El año comienza con turbulencia e inestabilidad. No debería sorprendernos y mucho me temo que estas condiciones se prolongarán en el tiempo. Entramos en un nuevo ciclo global que pone en tensión las certezas construidas después de la posguerra y que ofrece riesgos enormes para la democracia y las libertades. Pero también ofrece la oportunidad de construir un nuevo horizonte que permita reducir la desigualdad y ofrecer a cada persona condiciones razonables de tener una vida digna y productiva.

Las condiciones globales inciden necesariamente en el ámbito nacional. Las “fronteras” tradicionales siguen representando la ilusión de que es posible diferenciar entre lo local y lo global, cuando se trata de realidades estrechamente interrelacionadas. Ello no significa que dejen de existir espacios nacionales en los que podemos y debemos incidir para construir mejores condiciones de futuro. Es crucial tener claro que la (re)construcción de las instituciones constituye la condición necesaria para poder tener viabilidad como sociedad. Identifico tres retos inmediatos.

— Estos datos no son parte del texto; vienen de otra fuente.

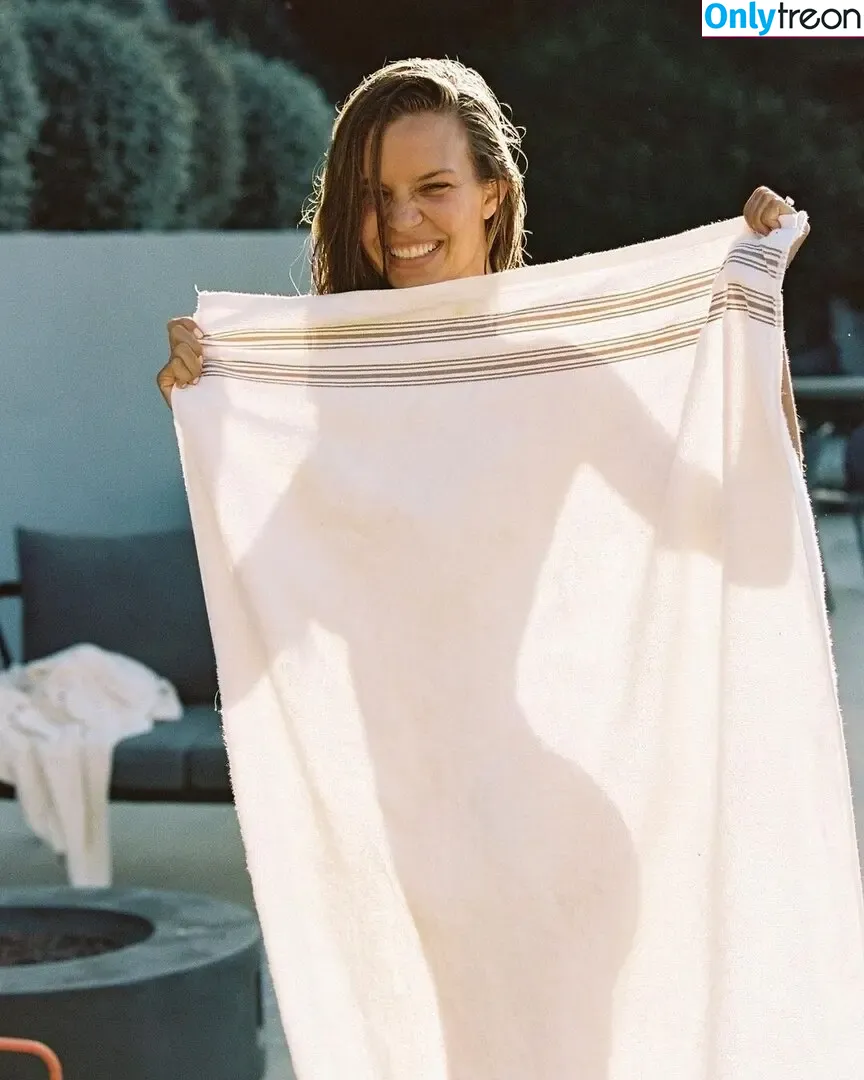 Josephine Skriver nude photo #0820 (josephineskriver / josephinskriver)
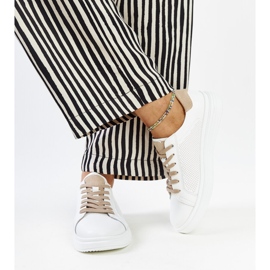 Zapatos de piel blancos y beige. 2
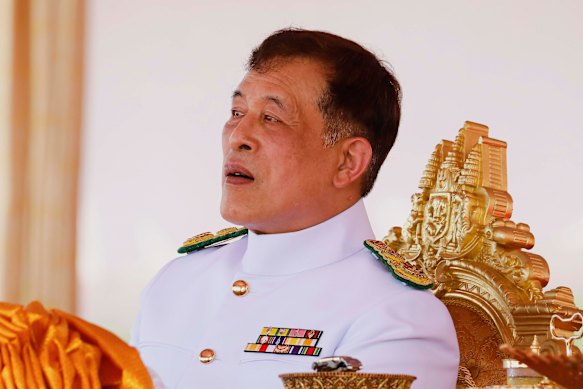O rei Maha Vajiralongkorn disse que não comparo alguns novos títulos religiosos na oportunidade do aniversário de 28 de julho.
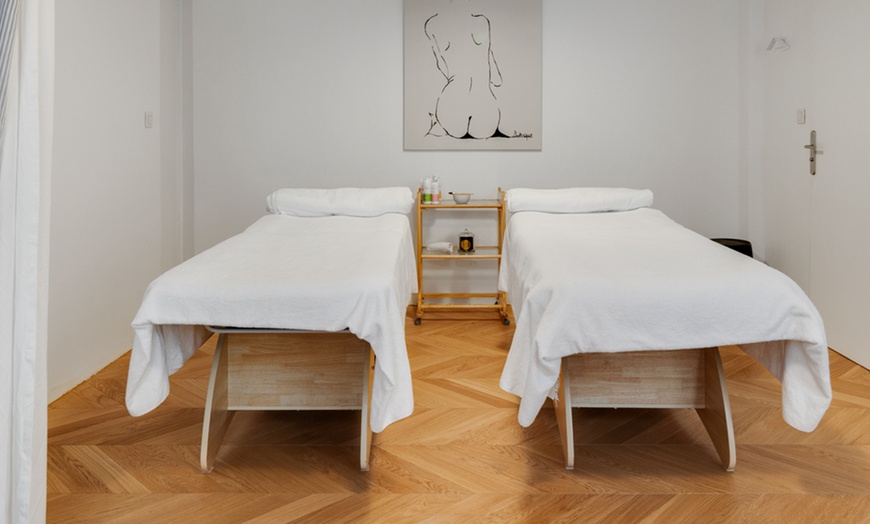 Image 1: Jusqu'à 35% de remise sur Massage - Couples chez Maison Bioethnique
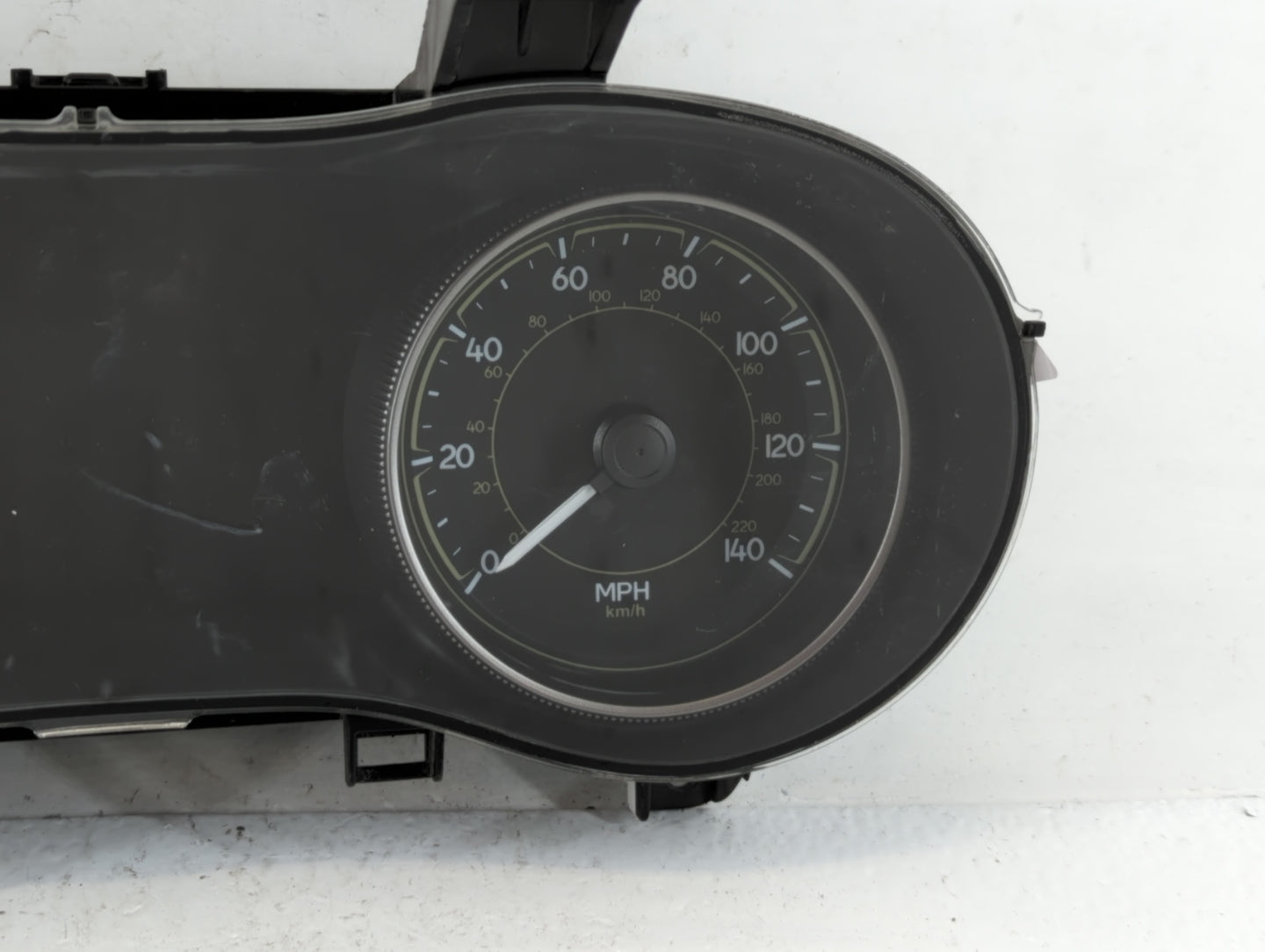 2014 Jeep Cherokee Instrument Cluster Speedometer Gauges P/N:P68105889AG Fits OEM Used Auto Parts - Oemusedautoparts1.com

El primero es echar a caminar el sistema nacional anticorrupción. Es una tarea en la que ciudadanos y autoridades tienen responsabilidades compartidas, tanto en las designaciones que aún están pendientes (comité de participación ciudadana, fiscal anticorrupción, magistrados administrativos) como en la operación misma del sistema. El problema es que mientras el conjunto de la clase política y burocrática siga sin entender que de la eficacia de este sistema depende mantener su legitimidad y aún su sobrevivencia no podremos avanzar con la rapidez y contundencia que se requiere. La reciente elección del presidente del Tribunal Federal de Justicia Administrativa es un botón de muestra de lo que tiene que cambiar. Aunque inscrita en la legalidad, los magistrados de ese órgano no interiorizaron el lugar central que tiene esta institución en el sistema anticorrupción, y que por ello debieron haber ido mucho más allá de los requerimientos que le exige su ley orgánica e inyectar a esa decisión una dosis de transparencia y publicidad. Actuar a puerta cerrada implicó manchar el sistema y ello tendrá un enorme costo. Ojalá que el resto de las decisiones corran por una vía distinta.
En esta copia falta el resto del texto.